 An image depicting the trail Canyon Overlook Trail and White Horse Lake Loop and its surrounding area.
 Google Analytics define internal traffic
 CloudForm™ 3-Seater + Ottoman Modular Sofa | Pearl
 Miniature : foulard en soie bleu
* * *
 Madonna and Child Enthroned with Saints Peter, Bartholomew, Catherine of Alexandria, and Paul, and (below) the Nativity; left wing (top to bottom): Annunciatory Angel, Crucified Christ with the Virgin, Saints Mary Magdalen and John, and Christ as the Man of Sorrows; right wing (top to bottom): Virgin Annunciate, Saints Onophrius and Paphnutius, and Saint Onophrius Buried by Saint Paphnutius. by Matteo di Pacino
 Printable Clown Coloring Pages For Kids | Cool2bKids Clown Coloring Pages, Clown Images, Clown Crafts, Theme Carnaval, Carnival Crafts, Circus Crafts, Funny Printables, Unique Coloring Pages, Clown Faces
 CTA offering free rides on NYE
* * *
■ **Task instructions**: Return exactly the lines above from the line that has "An image depicting" through the line that has "Miniature : foulard en soie bleu", inclusive, and nothing else.

■ **Answer to this problem**:
 An image depicting the trail Canyon Overlook Trail and White Horse Lake Loop and its surrounding area.
 Google Analytics define internal traffic
 CloudForm™ 3-Seater + Ottoman Modular Sofa | Pearl
 Miniature : foulard en soie bleu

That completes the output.